L’individuazione dell’ambito di trattamento dei dati, i singoli incaricati e il trattamento loro consentito deve essere aggiornato con cadenza almeno annuale; è necessario prevedere una procedura di conservazione degli atti e dei documenti contenenti dati personali, nonché la creazione di archivi ad accesso selezionato. Le persone ammesse ai suddetti archivi devono essere autorizzate, identificate e registrate.

Le misure minime necessarie nel caso di trattamento di dati con strumenti elettronici sono elencate nell’articolo 34.

Il trattamento di dati personali attraverso elaboratori elettronici è consentito solo ai soggetti che risultano in possesso di apposite credenziali di autenticazione. Queste possono consistere in un codice identificativo, esempio una parola chiave login e password in possesso del solo incaricato, una caratteristica biometrica dello stesso, una tessera magnetica o un codice di sblocco del sistema di accesso in possesso del solo incaricato.

La parola chiave, come specificato nell’allegato B, deve essere composta da almeno 8 caratteri (nel caso in cui il sistema preveda un numero di caratteri inferiore, con il massimo consentito), non deve contenere alcun riferimento che riconduca con facilità all’addetto e deve essere modificata ogni 6 mesi (3 mesi se si tratta dati sensibili o giudiziari).

Le credenziali di autenticazione devono essere assegnate singolarmente ad ogni incaricato e devono essere disattivate se non utilizzate per 6 mesi o nel caso venga meno l’incaricato identificato con la credenziale. In altre parole: nel caso in cui l’incaricato venga cambiato di ruolo, la sua credenziale non può essere trasferita al nuovo addetto, ma deve essere disattivata e creata una nuova per il sostituto.
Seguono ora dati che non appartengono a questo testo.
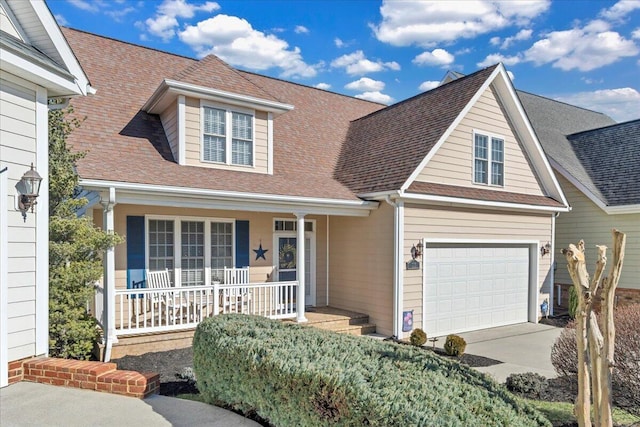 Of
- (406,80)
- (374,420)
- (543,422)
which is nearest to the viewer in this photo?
(374,420)

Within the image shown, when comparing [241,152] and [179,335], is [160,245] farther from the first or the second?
[241,152]

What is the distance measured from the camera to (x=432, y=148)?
399 inches

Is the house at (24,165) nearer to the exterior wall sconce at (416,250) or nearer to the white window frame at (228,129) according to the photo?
the white window frame at (228,129)

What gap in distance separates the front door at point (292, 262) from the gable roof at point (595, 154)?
381 inches

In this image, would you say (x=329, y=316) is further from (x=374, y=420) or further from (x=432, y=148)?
(x=374, y=420)

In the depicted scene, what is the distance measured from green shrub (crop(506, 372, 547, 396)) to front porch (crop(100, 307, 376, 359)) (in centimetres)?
414

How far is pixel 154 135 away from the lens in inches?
392

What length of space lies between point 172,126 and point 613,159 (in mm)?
14676

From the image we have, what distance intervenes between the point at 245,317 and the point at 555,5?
14.0 meters

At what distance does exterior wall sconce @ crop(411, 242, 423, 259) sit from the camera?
9766 mm

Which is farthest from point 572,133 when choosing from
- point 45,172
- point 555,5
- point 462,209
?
point 45,172

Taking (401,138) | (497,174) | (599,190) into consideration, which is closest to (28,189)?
(401,138)

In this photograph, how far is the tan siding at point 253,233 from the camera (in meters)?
8.71

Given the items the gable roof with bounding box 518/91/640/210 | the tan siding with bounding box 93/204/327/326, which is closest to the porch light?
the tan siding with bounding box 93/204/327/326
L’incaricato del trattamento deve essere informato dal titolare del trattamento circa l’importanza della segretezza e della conservazione delle credenziali, inoltre il titolare deve individuare per iscritto i soggetti che devono conservare e custodire le credenziali di autenticazione, che sono tenuti ad informarlo circa l’eventuale diffusione delle stesse dovuta a situazioni di emergenza.